• WHAT YOU SHOULD DO:
From the records below, transcribe exactly the lines that begin at the line with "Hello and welcome to the" and end at the line with "Once you get", both included.

(Stored items)
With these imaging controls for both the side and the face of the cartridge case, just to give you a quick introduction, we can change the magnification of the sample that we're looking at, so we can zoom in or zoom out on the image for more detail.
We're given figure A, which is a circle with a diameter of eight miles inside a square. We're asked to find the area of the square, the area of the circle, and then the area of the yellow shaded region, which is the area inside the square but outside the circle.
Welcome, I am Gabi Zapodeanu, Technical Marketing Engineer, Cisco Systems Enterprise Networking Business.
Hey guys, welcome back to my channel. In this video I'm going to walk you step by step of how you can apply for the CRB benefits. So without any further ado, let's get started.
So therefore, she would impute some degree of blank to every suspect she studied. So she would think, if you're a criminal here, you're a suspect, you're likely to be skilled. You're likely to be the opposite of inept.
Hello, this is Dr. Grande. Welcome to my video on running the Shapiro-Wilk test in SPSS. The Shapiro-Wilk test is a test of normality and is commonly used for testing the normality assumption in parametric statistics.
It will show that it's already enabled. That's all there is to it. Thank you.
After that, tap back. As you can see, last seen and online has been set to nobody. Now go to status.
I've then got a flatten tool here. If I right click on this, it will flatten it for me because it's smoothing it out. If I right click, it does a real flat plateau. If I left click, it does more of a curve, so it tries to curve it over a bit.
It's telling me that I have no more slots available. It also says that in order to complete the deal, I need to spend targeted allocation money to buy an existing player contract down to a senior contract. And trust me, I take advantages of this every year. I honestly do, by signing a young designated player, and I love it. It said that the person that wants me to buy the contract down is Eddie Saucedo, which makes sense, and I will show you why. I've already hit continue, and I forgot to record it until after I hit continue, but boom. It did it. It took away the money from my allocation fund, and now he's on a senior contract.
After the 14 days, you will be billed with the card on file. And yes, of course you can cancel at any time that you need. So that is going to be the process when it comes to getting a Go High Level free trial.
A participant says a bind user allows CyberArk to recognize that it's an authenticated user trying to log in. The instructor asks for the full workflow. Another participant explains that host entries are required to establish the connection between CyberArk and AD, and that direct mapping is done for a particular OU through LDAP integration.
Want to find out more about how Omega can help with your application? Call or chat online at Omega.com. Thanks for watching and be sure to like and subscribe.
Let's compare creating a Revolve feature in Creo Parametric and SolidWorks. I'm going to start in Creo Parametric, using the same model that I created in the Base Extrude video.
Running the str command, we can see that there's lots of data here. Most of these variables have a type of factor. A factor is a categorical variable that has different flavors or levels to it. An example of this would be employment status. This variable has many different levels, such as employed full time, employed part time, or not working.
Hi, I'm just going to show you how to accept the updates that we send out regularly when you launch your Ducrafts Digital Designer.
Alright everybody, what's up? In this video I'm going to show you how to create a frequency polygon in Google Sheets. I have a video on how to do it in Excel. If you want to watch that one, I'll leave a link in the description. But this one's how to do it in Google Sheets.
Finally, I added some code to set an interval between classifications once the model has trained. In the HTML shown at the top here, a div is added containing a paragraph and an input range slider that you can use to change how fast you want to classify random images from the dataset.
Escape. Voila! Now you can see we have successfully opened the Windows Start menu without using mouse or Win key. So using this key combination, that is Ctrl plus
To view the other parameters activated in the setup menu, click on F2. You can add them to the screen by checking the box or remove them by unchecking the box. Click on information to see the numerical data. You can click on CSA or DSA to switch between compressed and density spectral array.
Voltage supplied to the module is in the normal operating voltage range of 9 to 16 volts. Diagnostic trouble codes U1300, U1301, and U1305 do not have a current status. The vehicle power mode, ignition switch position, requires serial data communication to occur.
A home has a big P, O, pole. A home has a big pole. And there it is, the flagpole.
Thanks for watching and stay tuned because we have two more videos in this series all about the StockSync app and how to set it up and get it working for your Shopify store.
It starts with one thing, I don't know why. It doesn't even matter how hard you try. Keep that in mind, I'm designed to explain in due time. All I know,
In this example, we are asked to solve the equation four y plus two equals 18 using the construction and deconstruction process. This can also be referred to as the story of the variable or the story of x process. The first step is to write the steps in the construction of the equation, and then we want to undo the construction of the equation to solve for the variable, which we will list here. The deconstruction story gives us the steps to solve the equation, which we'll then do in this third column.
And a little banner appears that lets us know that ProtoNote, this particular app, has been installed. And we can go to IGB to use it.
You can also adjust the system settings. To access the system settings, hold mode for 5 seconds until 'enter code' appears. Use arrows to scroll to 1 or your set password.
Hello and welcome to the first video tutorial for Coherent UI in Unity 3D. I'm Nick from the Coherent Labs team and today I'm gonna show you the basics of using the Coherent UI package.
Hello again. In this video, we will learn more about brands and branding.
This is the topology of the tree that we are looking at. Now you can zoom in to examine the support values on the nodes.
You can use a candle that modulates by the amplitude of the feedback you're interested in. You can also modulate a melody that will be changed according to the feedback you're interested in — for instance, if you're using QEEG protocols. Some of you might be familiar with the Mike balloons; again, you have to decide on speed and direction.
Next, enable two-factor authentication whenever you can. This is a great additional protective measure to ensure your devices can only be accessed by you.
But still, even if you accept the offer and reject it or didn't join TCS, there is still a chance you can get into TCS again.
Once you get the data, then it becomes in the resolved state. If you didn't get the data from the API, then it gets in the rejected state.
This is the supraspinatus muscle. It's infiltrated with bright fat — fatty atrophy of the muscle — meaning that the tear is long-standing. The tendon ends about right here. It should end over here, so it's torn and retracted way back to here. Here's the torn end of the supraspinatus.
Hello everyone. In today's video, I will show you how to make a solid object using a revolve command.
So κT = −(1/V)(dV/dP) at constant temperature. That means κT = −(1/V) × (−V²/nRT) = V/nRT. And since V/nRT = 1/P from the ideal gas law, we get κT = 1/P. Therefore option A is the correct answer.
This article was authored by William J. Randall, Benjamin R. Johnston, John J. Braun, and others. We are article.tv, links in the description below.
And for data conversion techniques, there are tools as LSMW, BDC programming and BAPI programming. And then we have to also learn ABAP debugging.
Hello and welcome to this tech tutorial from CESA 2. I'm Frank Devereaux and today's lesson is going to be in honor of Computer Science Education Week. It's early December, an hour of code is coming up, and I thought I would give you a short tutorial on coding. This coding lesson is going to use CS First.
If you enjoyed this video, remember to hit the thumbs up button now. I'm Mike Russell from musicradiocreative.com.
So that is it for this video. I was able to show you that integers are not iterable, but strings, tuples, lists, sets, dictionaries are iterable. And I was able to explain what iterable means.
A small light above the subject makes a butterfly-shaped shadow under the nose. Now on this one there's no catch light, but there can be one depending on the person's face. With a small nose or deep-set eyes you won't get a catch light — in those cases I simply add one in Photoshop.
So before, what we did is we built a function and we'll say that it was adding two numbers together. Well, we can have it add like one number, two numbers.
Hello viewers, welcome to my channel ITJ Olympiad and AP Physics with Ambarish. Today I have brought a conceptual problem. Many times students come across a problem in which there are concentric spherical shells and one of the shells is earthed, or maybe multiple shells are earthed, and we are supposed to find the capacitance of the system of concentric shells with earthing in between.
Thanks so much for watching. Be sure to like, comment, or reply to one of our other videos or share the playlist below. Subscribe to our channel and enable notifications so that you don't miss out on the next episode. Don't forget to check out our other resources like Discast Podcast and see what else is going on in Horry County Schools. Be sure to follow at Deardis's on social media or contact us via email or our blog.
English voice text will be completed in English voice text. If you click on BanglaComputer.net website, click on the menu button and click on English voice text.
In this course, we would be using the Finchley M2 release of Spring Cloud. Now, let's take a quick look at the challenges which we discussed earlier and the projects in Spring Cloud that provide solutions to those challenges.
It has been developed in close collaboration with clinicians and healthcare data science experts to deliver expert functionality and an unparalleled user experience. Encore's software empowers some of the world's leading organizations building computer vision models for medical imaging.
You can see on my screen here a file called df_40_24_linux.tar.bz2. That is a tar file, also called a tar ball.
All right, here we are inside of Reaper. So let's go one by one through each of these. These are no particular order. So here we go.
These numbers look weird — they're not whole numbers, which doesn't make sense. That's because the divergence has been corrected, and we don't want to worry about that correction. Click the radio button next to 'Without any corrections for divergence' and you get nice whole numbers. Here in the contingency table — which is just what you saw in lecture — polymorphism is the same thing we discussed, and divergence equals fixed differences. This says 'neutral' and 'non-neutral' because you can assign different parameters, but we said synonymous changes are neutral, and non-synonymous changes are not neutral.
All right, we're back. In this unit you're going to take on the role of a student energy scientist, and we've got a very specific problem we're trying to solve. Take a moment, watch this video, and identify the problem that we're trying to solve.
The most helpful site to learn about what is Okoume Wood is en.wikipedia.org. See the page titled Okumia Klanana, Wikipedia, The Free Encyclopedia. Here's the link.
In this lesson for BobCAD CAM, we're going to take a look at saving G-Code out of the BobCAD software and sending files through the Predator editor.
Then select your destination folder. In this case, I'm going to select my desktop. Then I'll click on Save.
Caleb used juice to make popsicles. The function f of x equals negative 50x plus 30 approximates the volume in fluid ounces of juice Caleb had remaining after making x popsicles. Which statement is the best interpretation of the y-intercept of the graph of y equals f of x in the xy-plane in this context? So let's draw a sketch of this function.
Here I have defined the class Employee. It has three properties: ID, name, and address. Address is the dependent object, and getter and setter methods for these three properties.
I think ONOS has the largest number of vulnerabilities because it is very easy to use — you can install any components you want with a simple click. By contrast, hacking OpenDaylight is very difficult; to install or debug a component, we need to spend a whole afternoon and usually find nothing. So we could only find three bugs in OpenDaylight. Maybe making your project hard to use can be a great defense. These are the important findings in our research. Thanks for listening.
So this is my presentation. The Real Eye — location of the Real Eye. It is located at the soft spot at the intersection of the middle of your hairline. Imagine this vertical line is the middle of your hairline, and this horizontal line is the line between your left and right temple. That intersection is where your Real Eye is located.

• TASK ANSWER:
Hello and welcome to the first video tutorial for Coherent UI in Unity 3D. I'm Nick from the Coherent Labs team and today I'm gonna show you the basics of using the Coherent UI package.
Hello again. In this video, we will learn more about brands and branding.
This is the topology of the tree that we are looking at. Now you can zoom in to examine the support values on the nodes.
You can use a candle that modulates by the amplitude of the feedback you're interested in. You can also modulate a melody that will be changed according to the feedback you're interested in — for instance, if you're using QEEG protocols. Some of you might be familiar with the Mike balloons; again, you have to decide on speed and direction.
Next, enable two-factor authentication whenever you can. This is a great additional protective measure to ensure your devices can only be accessed by you.
But still, even if you accept the offer and reject it or didn't join TCS, there is still a chance you can get into TCS again.
Once you get the data, then it becomes in the resolved state. If you didn't get the data from the API, then it gets in the rejected state.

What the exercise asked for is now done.